But the Polaroid name has been sold and horse-traded countless times in the past 20 years. It is now owned by a consortium of business types with a love of Lady Gaga who they have called in as creative director. She swore and postured during the CES press conference in a way that would have angered Edwin Land immensely.
Out of three products revealed by Polaroid from the Lady Gaga Grey Label collection, only one was in its working state. Bobby Sager, the new head of Polaroid, stood beside her dressed in a curious outfit with sneakers on his feet and a cardigan tied around his shoulders. It’s a curious outfit because in reality Sager is a Boston bruiser with a hard-nosed business sense. He ain’t no Lady Gaga loving dilettante whatever image he wanted to pedal in Vegas.
The New Polaroid is like New Coke – a terrible idea. It now pumps out crappy television, awful digital photo frames and instant cameras that look like they were designed by some state-owned skunk work in a former Soviet State. Lady Gaga could not care less about Polaroid or its heritage.

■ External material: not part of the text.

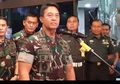 Disambut Meriah di Tanah Papua, Jenderal Andika Perkasa Dikerumuni Emak-emak Sampai Dipuji Ganteng, Lagi Ngulek Rujak Langsung Ditinggal Demi Temui Sang Panglima TNI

Polaroid is just another Lady Gaga brand extension and fair play to her really, the necrophiliacs now screwing Polaroid senseless are paying her a pretty penny for the publicity she can draw for them. Polaroid is dead and buried and every press story you read about its resurrection is a crock, a lazy regurgitation of one of the firms numerous Gaga-picture-stuffed press releases. Want the soul of instant photography? Look to The Impossible Project.